=== RECORDS TO USE ===
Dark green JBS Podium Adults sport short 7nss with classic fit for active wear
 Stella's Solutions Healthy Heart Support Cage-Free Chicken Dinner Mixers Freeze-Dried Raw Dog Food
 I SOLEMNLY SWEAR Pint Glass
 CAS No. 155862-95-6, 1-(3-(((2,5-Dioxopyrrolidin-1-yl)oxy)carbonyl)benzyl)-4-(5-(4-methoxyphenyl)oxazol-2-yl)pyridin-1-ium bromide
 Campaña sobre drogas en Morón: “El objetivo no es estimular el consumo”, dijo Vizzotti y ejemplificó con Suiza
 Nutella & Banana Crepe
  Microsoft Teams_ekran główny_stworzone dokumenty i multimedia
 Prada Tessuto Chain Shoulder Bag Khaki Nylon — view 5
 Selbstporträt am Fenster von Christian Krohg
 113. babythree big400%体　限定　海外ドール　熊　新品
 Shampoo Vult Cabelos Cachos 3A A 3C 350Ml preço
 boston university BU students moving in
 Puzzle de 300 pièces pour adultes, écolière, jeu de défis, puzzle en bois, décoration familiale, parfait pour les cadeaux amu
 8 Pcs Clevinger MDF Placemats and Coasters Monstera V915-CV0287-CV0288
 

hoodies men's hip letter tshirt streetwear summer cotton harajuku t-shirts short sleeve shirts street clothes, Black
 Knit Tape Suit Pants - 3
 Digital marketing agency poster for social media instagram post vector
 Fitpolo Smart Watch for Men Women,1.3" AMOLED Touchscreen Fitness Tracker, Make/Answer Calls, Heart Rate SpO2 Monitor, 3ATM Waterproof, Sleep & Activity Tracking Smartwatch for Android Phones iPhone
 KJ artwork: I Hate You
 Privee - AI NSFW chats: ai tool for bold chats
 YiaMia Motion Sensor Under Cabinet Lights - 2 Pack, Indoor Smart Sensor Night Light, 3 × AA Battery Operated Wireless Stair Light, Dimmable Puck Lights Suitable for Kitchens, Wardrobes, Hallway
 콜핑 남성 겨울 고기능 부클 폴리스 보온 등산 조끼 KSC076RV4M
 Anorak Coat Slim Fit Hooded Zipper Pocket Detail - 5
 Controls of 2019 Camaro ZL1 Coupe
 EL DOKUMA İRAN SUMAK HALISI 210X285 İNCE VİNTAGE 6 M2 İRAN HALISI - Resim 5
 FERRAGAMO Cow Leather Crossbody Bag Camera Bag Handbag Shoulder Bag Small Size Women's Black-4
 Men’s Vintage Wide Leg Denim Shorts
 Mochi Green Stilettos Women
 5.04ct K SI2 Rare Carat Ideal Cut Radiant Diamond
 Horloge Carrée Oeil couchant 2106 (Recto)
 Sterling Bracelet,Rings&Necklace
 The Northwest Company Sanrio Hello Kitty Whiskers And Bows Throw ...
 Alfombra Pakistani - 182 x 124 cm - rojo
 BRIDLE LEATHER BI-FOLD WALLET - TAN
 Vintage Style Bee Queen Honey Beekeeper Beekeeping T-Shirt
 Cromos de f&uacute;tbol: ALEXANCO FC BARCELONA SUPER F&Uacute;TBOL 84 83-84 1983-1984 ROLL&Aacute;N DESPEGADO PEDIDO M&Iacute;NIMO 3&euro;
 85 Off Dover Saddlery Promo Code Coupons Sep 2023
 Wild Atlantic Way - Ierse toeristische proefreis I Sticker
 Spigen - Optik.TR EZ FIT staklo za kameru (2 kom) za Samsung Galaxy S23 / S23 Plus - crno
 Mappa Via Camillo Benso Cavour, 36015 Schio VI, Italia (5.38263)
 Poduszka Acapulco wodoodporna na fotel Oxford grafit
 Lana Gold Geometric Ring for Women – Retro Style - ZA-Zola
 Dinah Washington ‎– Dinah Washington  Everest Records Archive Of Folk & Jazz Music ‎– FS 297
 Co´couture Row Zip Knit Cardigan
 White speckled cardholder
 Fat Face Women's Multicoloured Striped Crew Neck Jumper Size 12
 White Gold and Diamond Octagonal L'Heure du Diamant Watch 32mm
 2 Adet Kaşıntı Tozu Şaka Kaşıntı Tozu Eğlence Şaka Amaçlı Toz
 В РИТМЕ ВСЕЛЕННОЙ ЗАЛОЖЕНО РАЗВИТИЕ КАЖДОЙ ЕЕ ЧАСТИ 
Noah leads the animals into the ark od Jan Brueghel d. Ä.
===
» **TASK ITEM**: Using the listing above, work out how many lines include the word "Style", and report that number alone.

» **ANSWER SPACE**: 2